Thousands of Linux systems infected by "perfctl" malware since 2021 (arstechnica.com)
from SuperFola@programming.dev to linux@lemmy.ml on 04 Oct 2024 09:32
https://programming.dev/post/20187879

TLDR: perfctl is a crypto mining and proxy jacking malware that exploits about 20’000 common missconfigurations to install itself on Linux servers. Mostly using a 10/10 CVE on Apache RocketMQ.

It is very persistent and can reinstall itself even when you have deleted all the perfctl and perfcc files. It hides itself by removing logs, network packets, and stopping all activity once you login to the machine.

Monitoring cpu usage using tools (I use net data on my server) can help identify infections (100% cpu usage when « idle »).

#linux

threaded - newest

NeoNachtwaechter@lemmy.world on 04 Oct 2024 10:49 next collapse

However, the process would stop immediately when I logged in via SSH or console. As soon as I logged out, the malware would resume running within a few seconds

OK so you just need to stay logged in - Solved :)

pezhore@lemmy.ml on 04 Oct 2024 12:17 next collapse

tmux and a <ctrl>-<b><d> - done!

TDCN@feddit.dk on 04 Oct 2024 15:29 collapse

…Me avoiding responsibilities…

Enkers@sh.itjust.works on 04 Oct 2024 15:50 collapse 

//TODO: remove perfctl

There, that should fix it.

delirious_owl@discuss.online on 04 Oct 2024 16:09 collapse

You say that, but I always leave screen sessions open

Cysioland@lemmygrad.ml on 04 Oct 2024 20:51 next collapse

Honestly, if true, it’s so insidious

theshatterstone54@feddit.uk on 05 Oct 2024 08:05 next collapse

Maybe not related but I had an issie with wireplumber where it would suddenly take up any free CPU resources and use them up, jacking up my cpu usage up to crazy high numbers, often to 100% at times where the expected cpu usage would be at 20% at most.

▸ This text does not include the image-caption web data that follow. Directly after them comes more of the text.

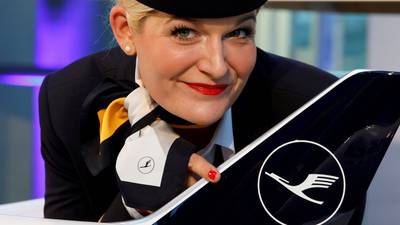 Lufthansa eyes stable pricing after record 2017 profit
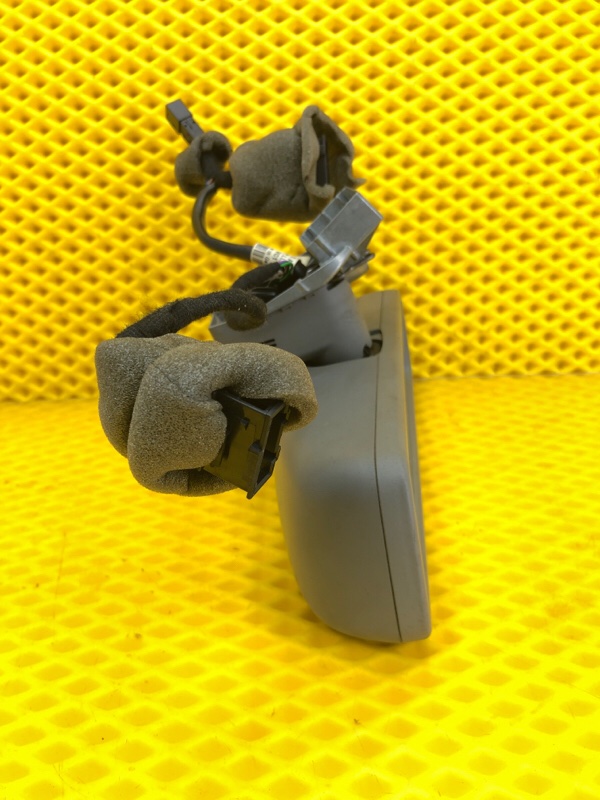 Зеркало заднего вида салонное Volkswagen Phaeton 2005 3D2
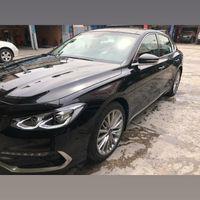 هیوندای آزرا گرنجور 2400cc، مدل ۲۰۱۹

I haven’t experienced this in the last week or so, so maybe it was fixed in an update? I’m on Fedora, btw. I just wanted to share, so I can find out if anyone else had the same issue.

[deleted] on 05 Oct 2024 08:29 next collapse

.

LeLachs@lemmy.ml on 05 Oct 2024 08:55 collapse

Sounds pretty scary to me. The thing has full control over your computer (if infected) and is nearly undetectable.

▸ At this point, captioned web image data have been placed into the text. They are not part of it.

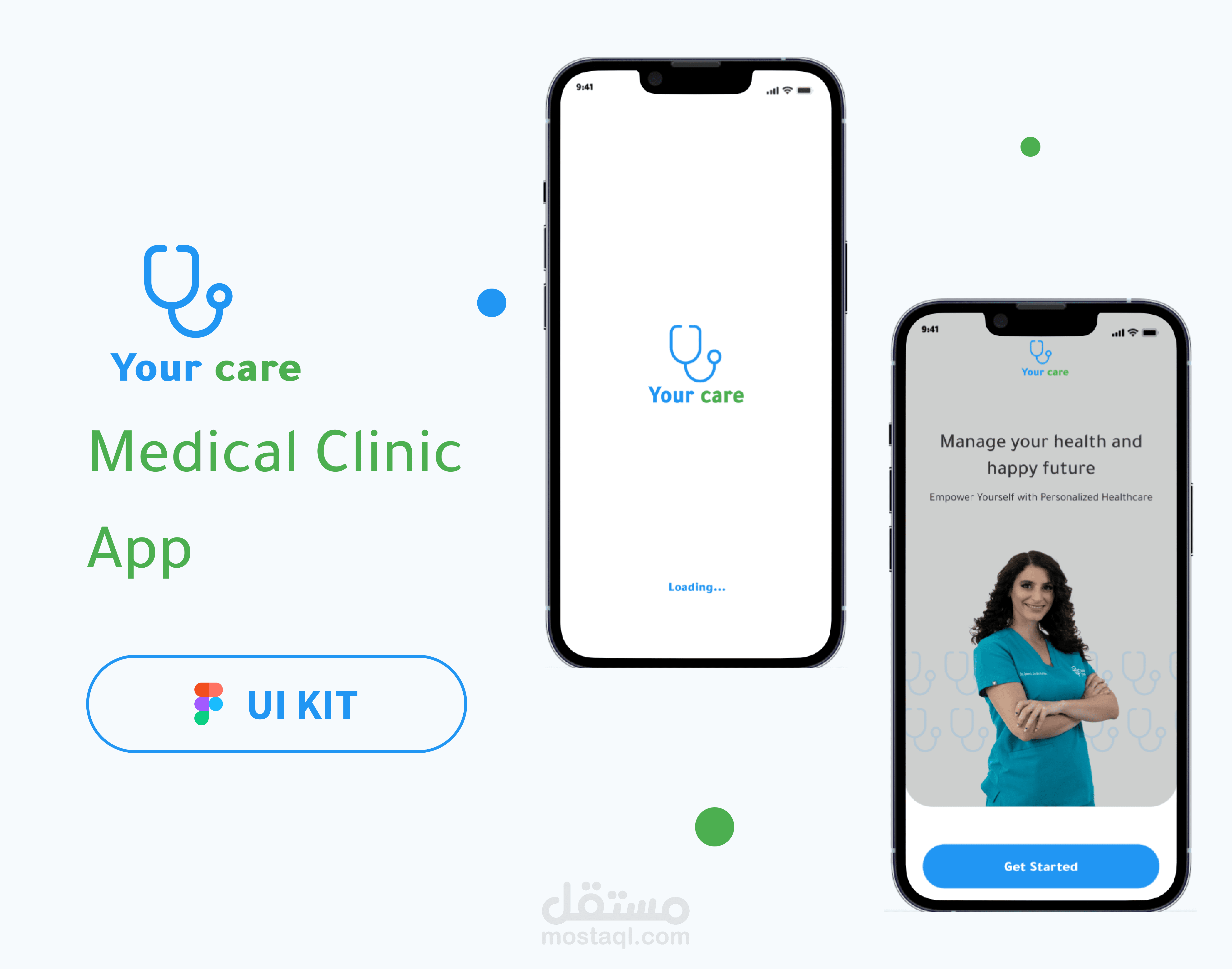 Your Care Medical Clinic App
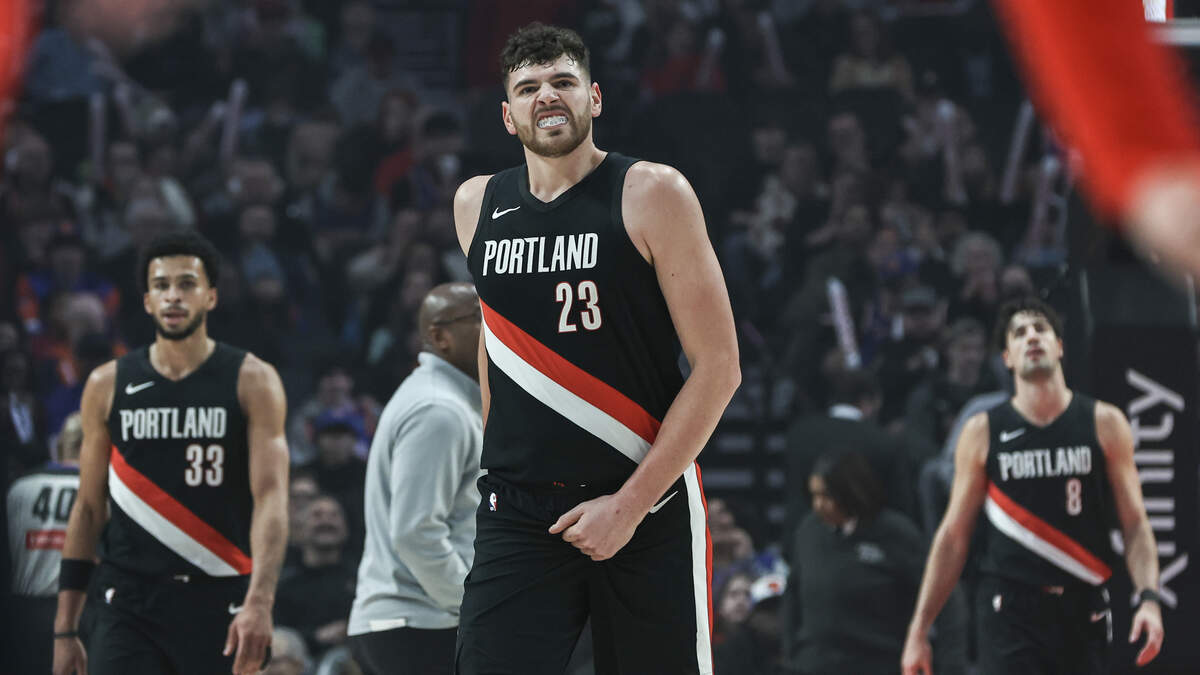 Trail Blazers Rebound Against The Suns | Rip City Radio 620 Portland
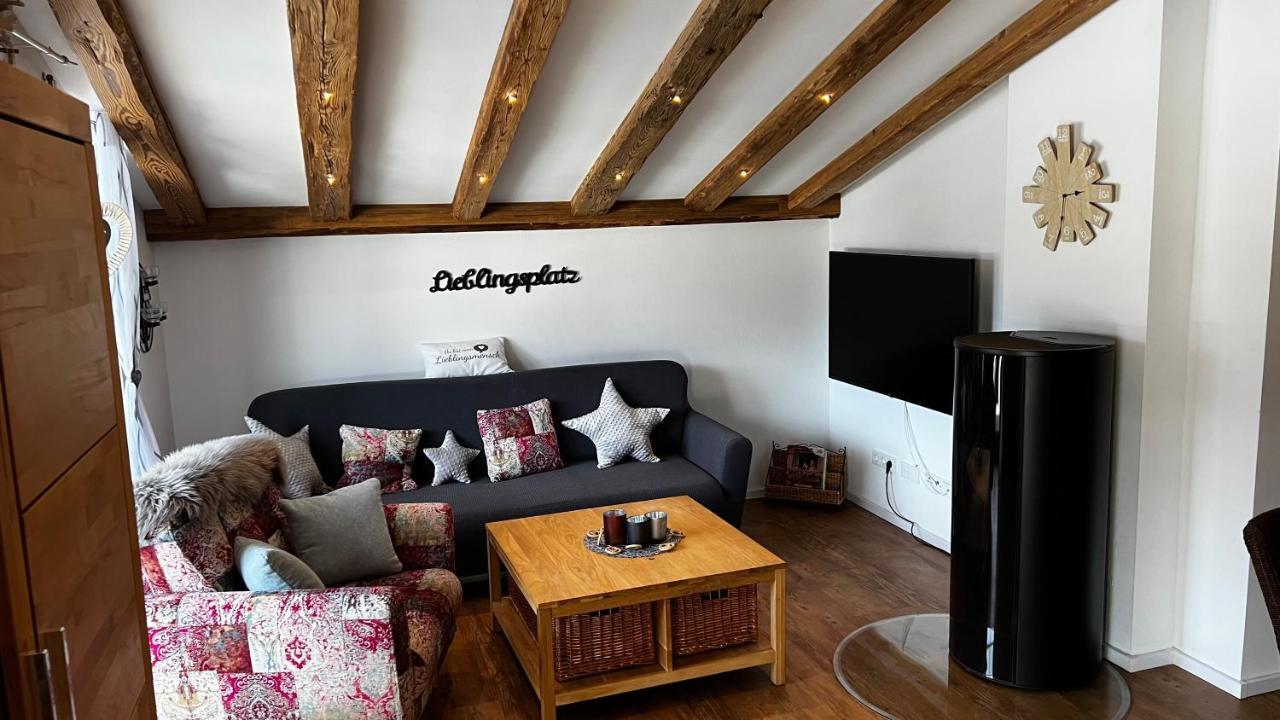Apartmán Alpfee Lechtal Bach  Exteriér fotografie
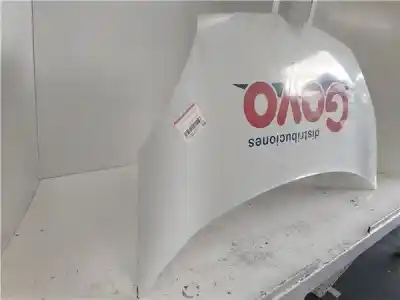Pezzo di ricambio per auto di seconda mano cappuccio anteriore per renault kangoo ii (f/kw0) 1.5 furgón professional riferimenti oem iam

[deleted] on 05 Oct 2024 08:59 collapse

.

Jimmycrackcrack@lemmy.ml on 06 Oct 2024 04:38 next collapse

The malware also uses advanced evasion techniques, such as suspending its activity when it detects a new user in the btmp or utmp files and terminating any competing malware to maintain control over the infected system.

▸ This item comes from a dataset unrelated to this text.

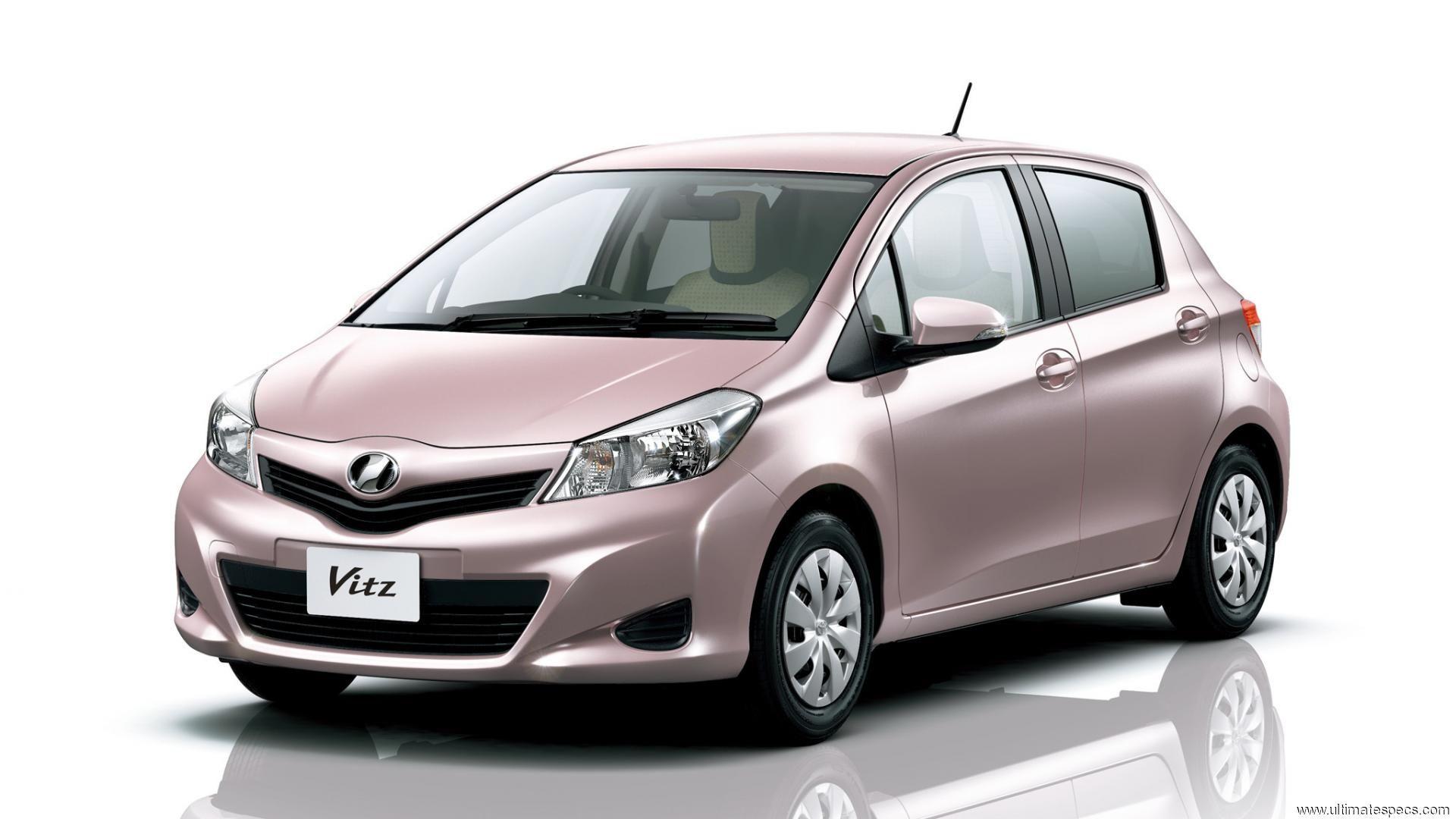 Toyota Vitz Wallpapers - Top Free Toyota Vitz Backgrounds - WallpaperAccess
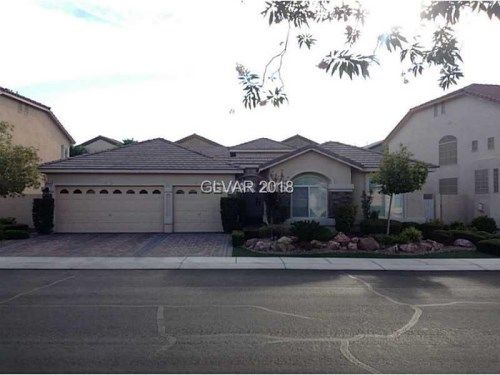 521 Fynn Valley Drive, Las Vegas, NV 89148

So, is it a fairly decent antivirus mixed in with all the malware?

JustMarkov@lemmy.ml on 06 Oct 2024 04:44 next collapse

There can only be one.

Sarcasmo220@lemmy.ml on 06 Oct 2024 05:01 collapse

There can only be… NONE!

0oWow@lemm.ee on 06 Oct 2024 20:56 collapse

Sounds like Windows Defender

digdilem@lemmy.ml on 06 Oct 2024 09:37 next collapse

Surely y’all have monitoring and alerts for excessive cpu load already?

SuperFola@programming.dev on 06 Oct 2024 09:49 collapse

On my own server at home, yes. Because that’s important for me to know what’s going on and not discover something by chance weeks later.

Kajika@lemmy.ml on 07 Oct 2024 08:29 collapse

I will never understand people using 3rdparty MQ and RPC implementations. What a a PR for rocketMQ right here.

You can and you should implement your communication protocols, most of the time 3rdparties are very wasteful and a security liability. I like ZeroMQ (zeromq.org), they have amazing tech guides (zguide.zeromq.org). I still mostly do my own code.

I may have trust issues but sockets are not THAT hard, they’re just amzaingly frustrating to debug, not as much as debuging 3rdparty code.